-------- Data --------

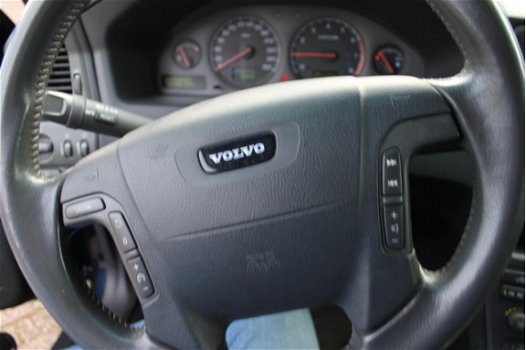 Volvo V70 - 2.4 Comfort Line YOUNGTIMER, VOL JAAR APK, AUTOMAAT, WINTER / ZOMER SET - 1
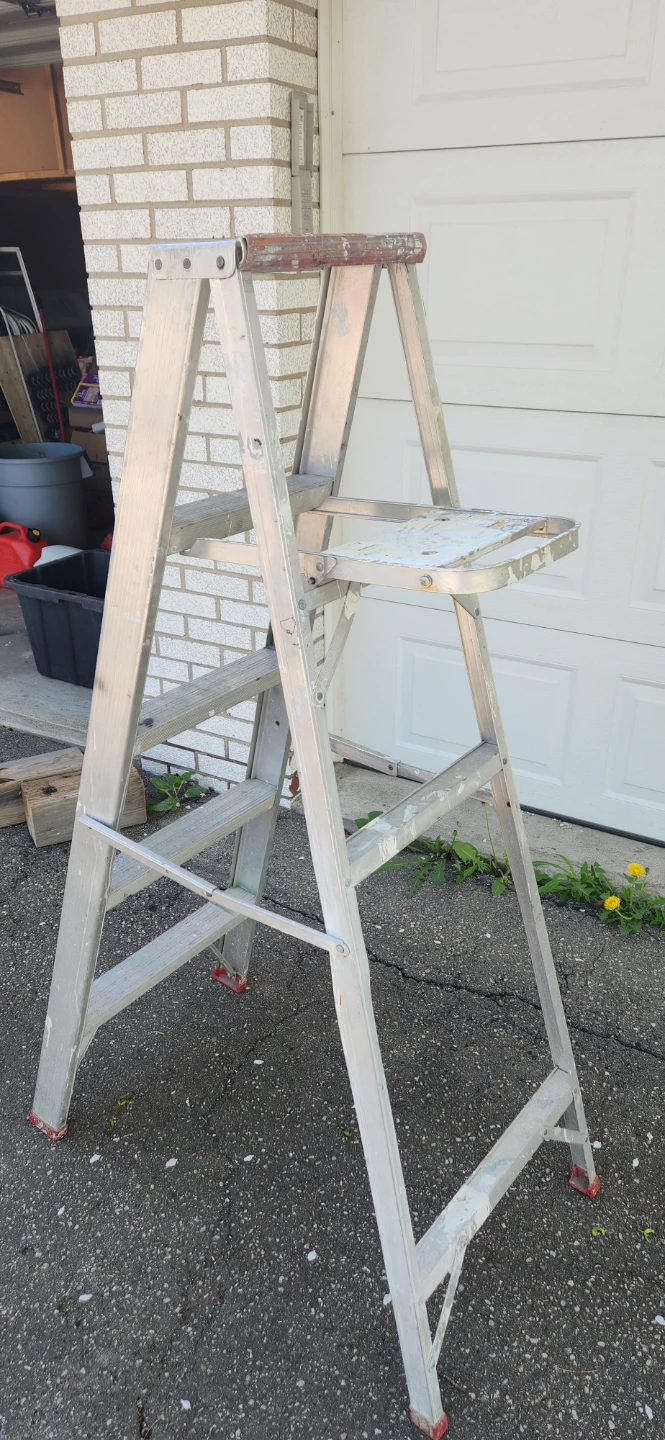 Aluminum Step Ladder - photo 2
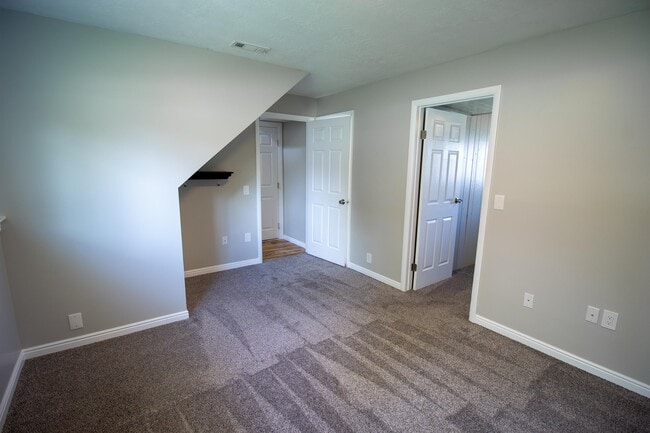 Building Photo - 2379 N 1075 E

--------

- **What to produce**:
Without including any pictures, copy every line above exactly.

- **Exercise answer**:
 Volvo V70 - 2.4 Comfort Line YOUNGTIMER, VOL JAAR APK, AUTOMAAT, WINTER / ZOMER SET - 1
 Aluminum Step Ladder - photo 2
 Building Photo - 2379 N 1075 E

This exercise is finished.